I was first attracted to the legal profession aged 13 when reading an encyclopedia of careers and thought it sounded interesting. Following the unexpected death of my father when I was 15, I completed my A-levels by 16 and was then offered a job through the Catenian Association as an articled clerk, starting with John Hoy in 1961. This gave me a great opportunity to start my career, while helping to support my family.

Joe bateman

Joe Bateman

The training was superb and I was rapidly given more challenging cases and greater responsibilities. By the time I was 18 I was running the Kilburn branch of the firm. After learning the ins and outs of the profession, I completed my qualifications in Manchester and was admitted on to the roll on 1 July 1967.

I set up Batemans Solicitors that same day from my mother’s front room, with my grandmother as receptionist. I later moved the office to Harlesden in London before settling in Bovingdon. While my grandmother soon retired, I am fortunate to be supported by talented and loyal staff, with many working for me for over 20 years.

Throughout my career I have advised on housing, family matters and, in the early years, criminal law. Latterly I have established a thriving conveyancing and probate business. It has always been important to offer a breadth of legal expertise to clients – for me that is what a family practice should be about. Keeping up to date with changes in the law across a wide area of practice is the most challenging part of the job, but the range of matters we cover ensures work is never dull.

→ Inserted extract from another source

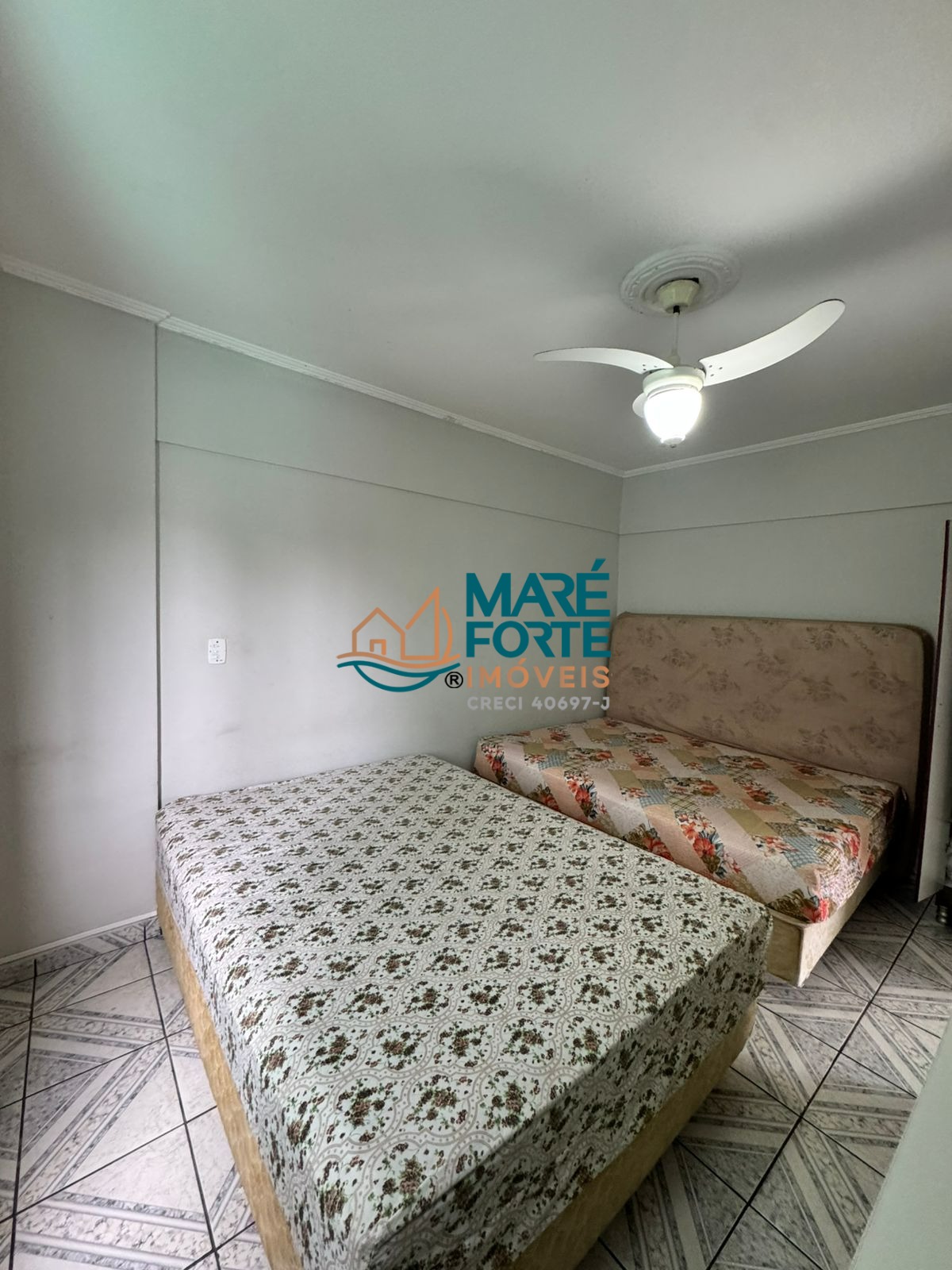 Apartamento, 1 quarto, 40 m² - Foto 9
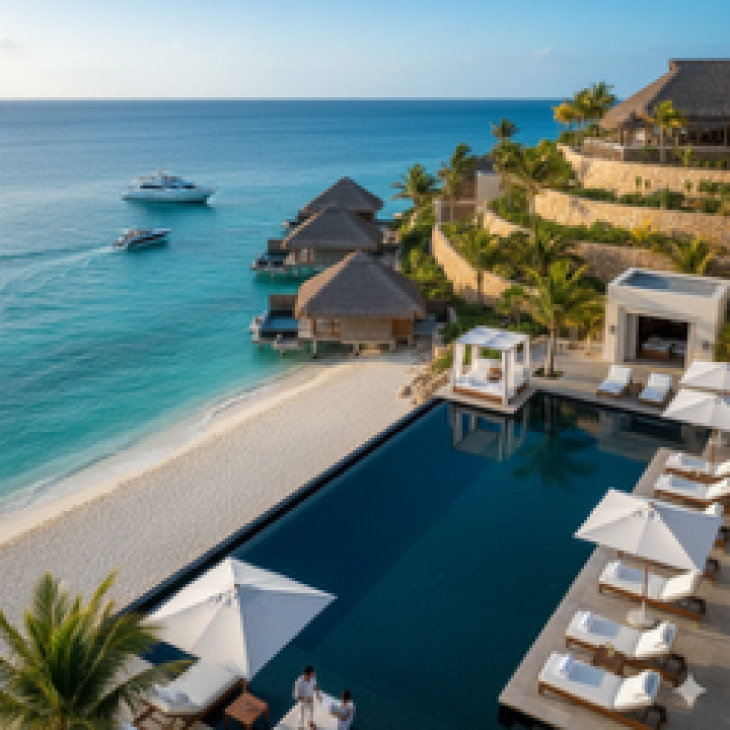 Mountain consectetur adipiscing elit In quis lacus a odio suscipit luctus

The support I have given to my local communities has been most rewarding. I am particularly proud of the role I played in securing permission for our local church to be built, having been without a parish church for many years. My work with the Catholic Housing Aid Society when first starting out gave me the grounding in the importance of community work that I have carried across my career.

By the time I was 18 I was running the Kilburn branch

It is true that good work is its own reward, in my case it also paid personal dividends. It was through my early voluntary work at the housing charity that I met my wife. This year we will celebrate our 47th wedding anniversary. We have raised eight children who have all carved out successful lives (some even within law) and provided us the joy of wonderful grandchildren (we are expecting our 15th this year).

A particular highlight was acting in the £35m sale of a national refrigeration company to a US company in the 1980s. The face-to-face negotiations required a trip on Concorde, which was fun. So too was the work I did for local residents in Bovingdon against the registration of manorial waste, defending their rights of access to their homes.   

Technology has transformed the profession in the 50 years I have been practising. While this can bring benefits, I would be sad to see it erode standards and the high level of professional courtesy we should always aspire to, as we chase convenience.

The biggest disappointment has been the virtual abolition of legal aid. As someone who has always sought to ensure my professional expertise can benefit clients from different backgrounds, we do our legal system a huge disservice if it becomes something only the wealthy can access.